====== Supplied records

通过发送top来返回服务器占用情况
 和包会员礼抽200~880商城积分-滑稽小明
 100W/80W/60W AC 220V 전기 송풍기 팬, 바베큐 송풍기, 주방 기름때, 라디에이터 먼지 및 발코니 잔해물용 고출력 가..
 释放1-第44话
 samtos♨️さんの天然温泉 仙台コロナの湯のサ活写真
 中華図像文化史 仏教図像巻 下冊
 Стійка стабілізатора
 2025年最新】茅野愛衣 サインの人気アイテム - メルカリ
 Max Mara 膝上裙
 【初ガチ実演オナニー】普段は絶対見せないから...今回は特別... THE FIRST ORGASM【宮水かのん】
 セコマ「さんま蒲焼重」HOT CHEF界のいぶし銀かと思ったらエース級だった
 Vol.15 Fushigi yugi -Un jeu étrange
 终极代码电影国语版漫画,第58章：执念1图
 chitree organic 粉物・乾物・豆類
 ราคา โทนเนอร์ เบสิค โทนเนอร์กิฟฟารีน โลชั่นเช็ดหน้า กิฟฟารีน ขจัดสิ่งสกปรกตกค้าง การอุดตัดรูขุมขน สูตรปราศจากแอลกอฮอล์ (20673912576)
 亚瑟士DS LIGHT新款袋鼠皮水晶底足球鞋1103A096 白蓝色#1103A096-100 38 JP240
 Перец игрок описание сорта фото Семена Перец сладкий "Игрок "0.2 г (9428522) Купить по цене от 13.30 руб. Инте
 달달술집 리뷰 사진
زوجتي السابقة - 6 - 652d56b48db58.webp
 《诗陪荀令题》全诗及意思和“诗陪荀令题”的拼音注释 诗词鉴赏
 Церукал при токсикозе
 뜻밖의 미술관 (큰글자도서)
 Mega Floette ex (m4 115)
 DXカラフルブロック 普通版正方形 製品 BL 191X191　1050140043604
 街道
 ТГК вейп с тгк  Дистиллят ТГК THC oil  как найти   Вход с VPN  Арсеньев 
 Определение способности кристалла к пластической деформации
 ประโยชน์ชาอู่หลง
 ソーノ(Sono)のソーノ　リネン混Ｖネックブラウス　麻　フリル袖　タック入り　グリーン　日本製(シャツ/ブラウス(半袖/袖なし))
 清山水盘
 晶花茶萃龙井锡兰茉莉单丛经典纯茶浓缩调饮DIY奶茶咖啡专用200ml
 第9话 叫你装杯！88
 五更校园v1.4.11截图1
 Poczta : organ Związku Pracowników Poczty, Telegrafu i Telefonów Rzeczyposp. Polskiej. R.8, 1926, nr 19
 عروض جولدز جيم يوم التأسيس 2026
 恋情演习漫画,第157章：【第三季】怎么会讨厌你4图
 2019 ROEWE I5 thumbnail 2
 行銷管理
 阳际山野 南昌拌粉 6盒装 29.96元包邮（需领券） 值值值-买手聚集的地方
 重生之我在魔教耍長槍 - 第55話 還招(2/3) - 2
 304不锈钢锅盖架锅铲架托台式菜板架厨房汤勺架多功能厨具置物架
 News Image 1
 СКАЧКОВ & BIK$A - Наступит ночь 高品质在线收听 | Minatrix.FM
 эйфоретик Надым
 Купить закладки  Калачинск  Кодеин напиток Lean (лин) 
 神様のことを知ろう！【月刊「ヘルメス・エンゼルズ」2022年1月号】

============

:: To do ::
Produce an exact copy of all the records.

:: Output ::
通过发送top来返回服务器占用情况
 和包会员礼抽200~880商城积分-滑稽小明
 100W/80W/60W AC 220V 전기 송풍기 팬, 바베큐 송풍기, 주방 기름때, 라디에이터 먼지 및 발코니 잔해물용 고출력 가..
 释放1-第44话
 samtos♨️さんの天然温泉 仙台コロナの湯のサ活写真
 中華図像文化史 仏教図像巻 下冊
 Стійка стабілізатора
 2025年最新】茅野愛衣 サインの人気アイテム - メルカリ
 Max Mara 膝上裙
 【初ガチ実演オナニー】普段は絶対見せないから...今回は特別... THE FIRST ORGASM【宮水かのん】
 セコマ「さんま蒲焼重」HOT CHEF界のいぶし銀かと思ったらエース級だった
 Vol.15 Fushigi yugi -Un jeu étrange
 终极代码电影国语版漫画,第58章：执念1图
 chitree organic 粉物・乾物・豆類
 ราคา โทนเนอร์ เบสิค โทนเนอร์กิฟฟารีน โลชั่นเช็ดหน้า กิฟฟารีน ขจัดสิ่งสกปรกตกค้าง การอุดตัดรูขุมขน สูตรปราศจากแอลกอฮอล์ (20673912576)
 亚瑟士DS LIGHT新款袋鼠皮水晶底足球鞋1103A096 白蓝色#1103A096-100 38 JP240
 Перец игрок описание сорта фото Семена Перец сладкий "Игрок "0.2 г (9428522) Купить по цене от 13.30 руб. Инте
 달달술집 리뷰 사진
زوجتي السابقة - 6 - 652d56b48db58.webp
 《诗陪荀令题》全诗及意思和“诗陪荀令题”的拼音注释 诗词鉴赏
 Церукал при токсикозе
 뜻밖의 미술관 (큰글자도서)
 Mega Floette ex (m4 115)
 DXカラフルブロック 普通版正方形 製品 BL 191X191　1050140043604
 街道
 ТГК вейп с тгк  Дистиллят ТГК THC oil  как найти   Вход с VPN  Арсеньев 
 Определение способности кристалла к пластической деформации
 ประโยชน์ชาอู่หลง
 ソーノ(Sono)のソーノ　リネン混Ｖネックブラウス　麻　フリル袖　タック入り　グリーン　日本製(シャツ/ブラウス(半袖/袖なし))
 清山水盘
 晶花茶萃龙井锡兰茉莉单丛经典纯茶浓缩调饮DIY奶茶咖啡专用200ml
 第9话 叫你装杯！88
 五更校园v1.4.11截图1
 Poczta : organ Związku Pracowników Poczty, Telegrafu i Telefonów Rzeczyposp. Polskiej. R.8, 1926, nr 19
 عروض جولدز جيم يوم التأسيس 2026
 恋情演习漫画,第157章：【第三季】怎么会讨厌你4图
 2019 ROEWE I5 thumbnail 2
 行銷管理
 阳际山野 南昌拌粉 6盒装 29.96元包邮（需领券） 值值值-买手聚集的地方
 重生之我在魔教耍長槍 - 第55話 還招(2/3) - 2
 304不锈钢锅盖架锅铲架托台式菜板架厨房汤勺架多功能厨具置物架
 News Image 1
 СКАЧКОВ & BIK$A - Наступит ночь 高品质在线收听 | Minatrix.FM
 эйфоретик Надым
 Купить закладки  Калачинск  Кодеин напиток Lean (лин) 
 神様のことを知ろう！【月刊「ヘルメス・エンゼルズ」2022年1月号】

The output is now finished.